▶ [What this task involves] Starting with the line that holds "Rule 34 | 1boy, 1girl, armor, artist", reproduce each line through the last one of the data, exactly as written. Pictures are not copied.

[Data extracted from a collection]
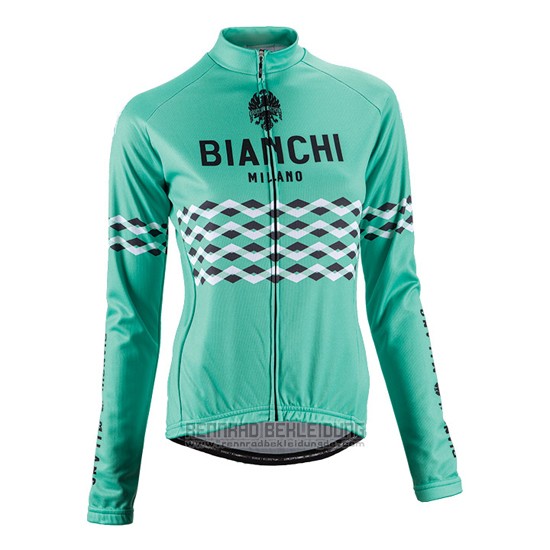 2016 Fahrradbekleidung Frau Bianchi Shwarz und Grun Trikot Langarm und Tragerhose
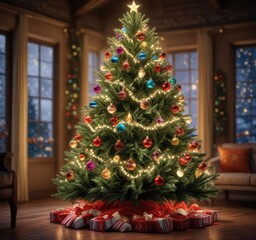 A large Christmas tree with twinkling lights and colorful ornaments, Winter Wonderland, Ornaments, Christmas Tree Decor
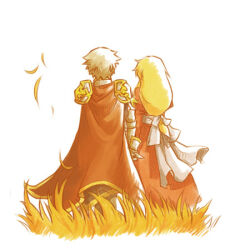 Rule 34 | 1boy, 1girl, armor, artist request, back bow, blonde hair, bow, cape, cross, dress, from behind, full body, gauntlets, grass, high priest (ragnarok online), long hair, lord knight (ragnarok online), low-tied long hair, lowres, margaretha sorin, pauldrons, ragnarok online, red cape, red dress, sash, seyren windsor, short hair, shoulder armor, simple background, spiked gauntlets, standing, third-party source, white background, white bow, white hair, white sash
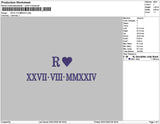 Roman Numerals 0201 Embroidery File 6 sizes
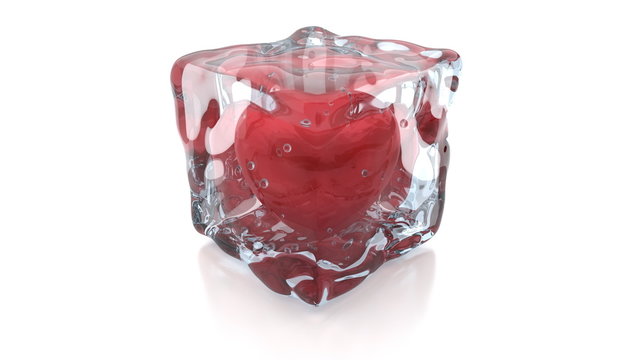 Heart inside the ice cube, 4K render, loop-able 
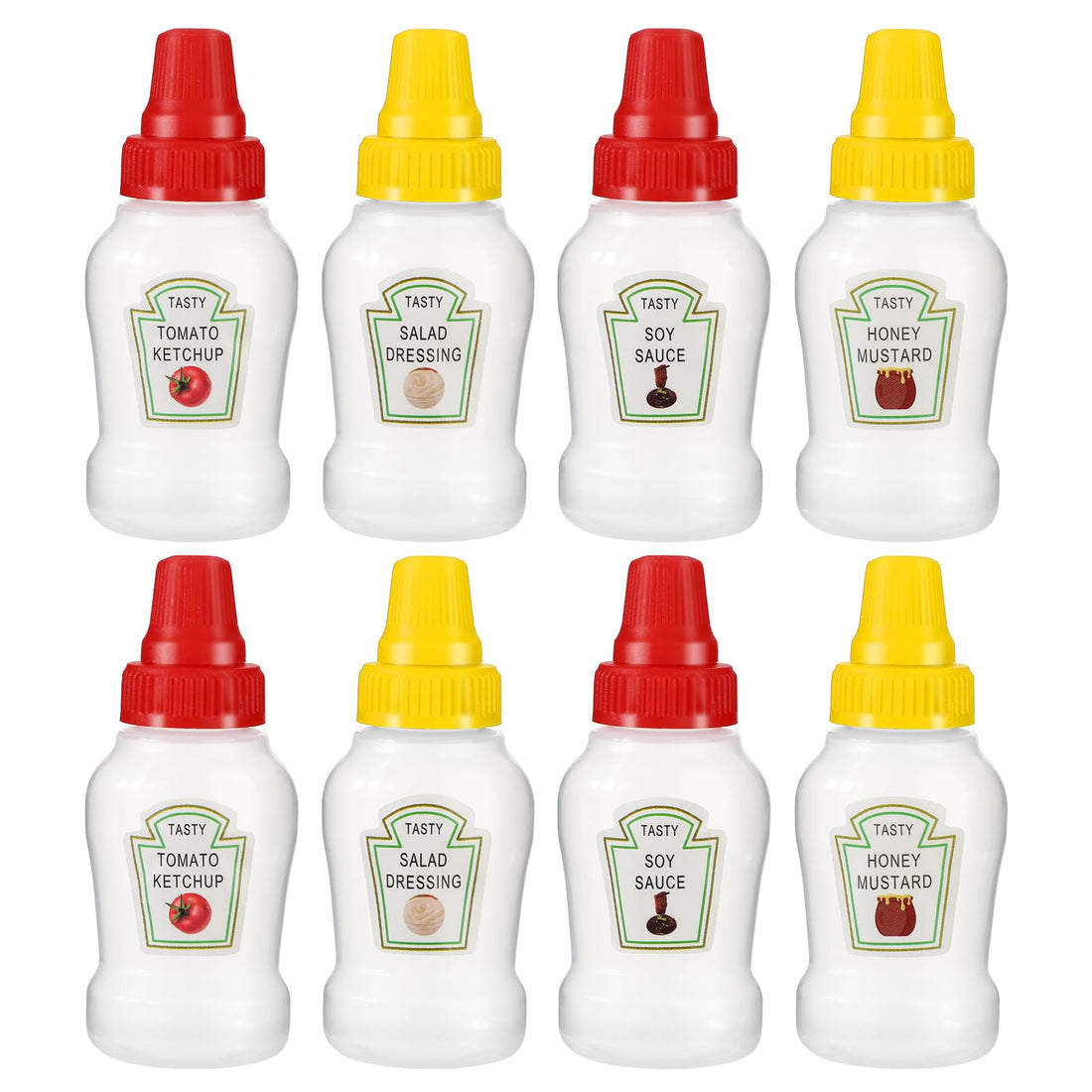 8 PCS Mini Ketchup Bottles, 25ml Portable Dressing Squeeze Containers with Sturdy Screw Cap, Mini Sauce Bottle for Bento Box Accessories, Small Condiment Bottles for Bento Box, Office, Picnic
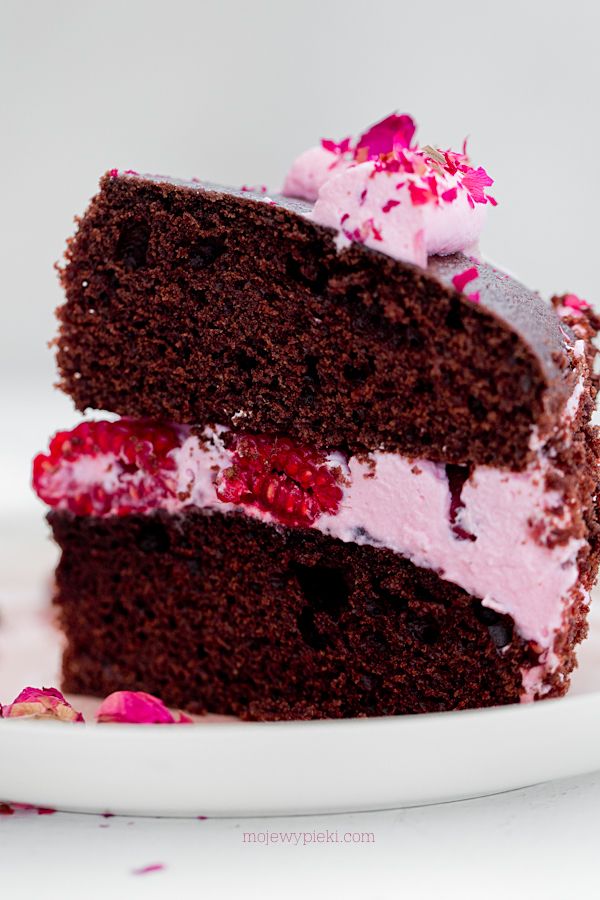 Chocolate & rose cake with raspberries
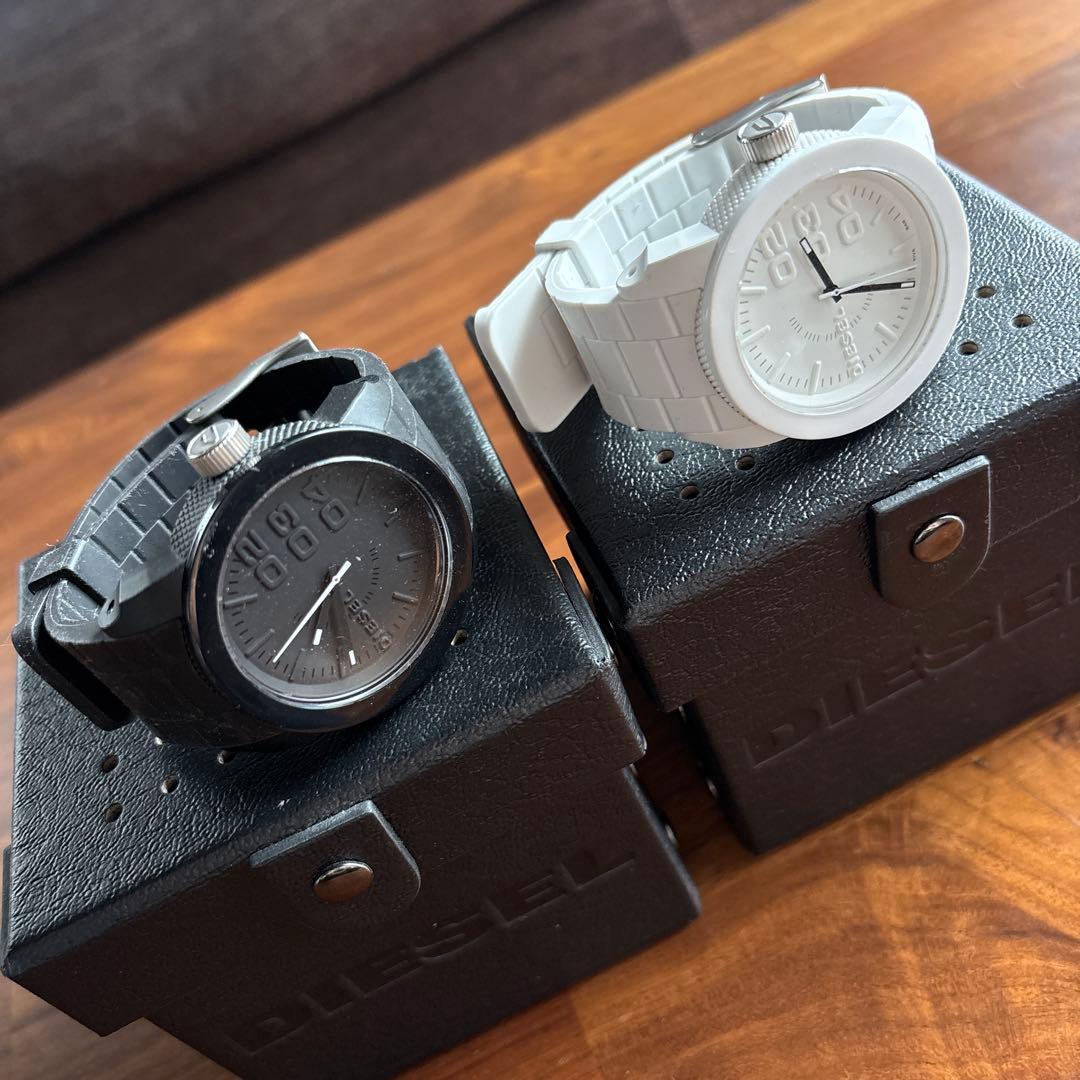 DIESEL ラバーベルト 時計 2点セット ホワイト ブラック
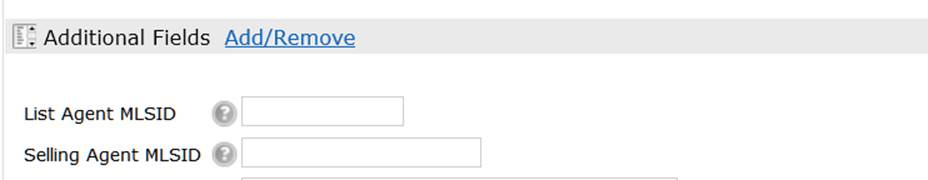 additional fields menu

▶ [Solution to this problem]
 Rule 34 | 1boy, 1girl, armor, artist request, back bow, blonde hair, bow, cape, cross, dress, from behind, full body, gauntlets, grass, high priest (ragnarok online), long hair, lord knight (ragnarok online), low-tied long hair, lowres, margaretha sorin, pauldrons, ragnarok online, red cape, red dress, sash, seyren windsor, short hair, shoulder armor, simple background, spiked gauntlets, standing, third-party source, white background, white bow, white hair, white sash
 Roman Numerals 0201 Embroidery File 6 sizes
 Heart inside the ice cube, 4K render, loop-able 
 8 PCS Mini Ketchup Bottles, 25ml Portable Dressing Squeeze Containers with Sturdy Screw Cap, Mini Sauce Bottle for Bento Box Accessories, Small Condiment Bottles for Bento Box, Office, Picnic
 Chocolate & rose cake with raspberries
 DIESEL ラバーベルト 時計 2点セット ホワイト ブラック
 additional fields menu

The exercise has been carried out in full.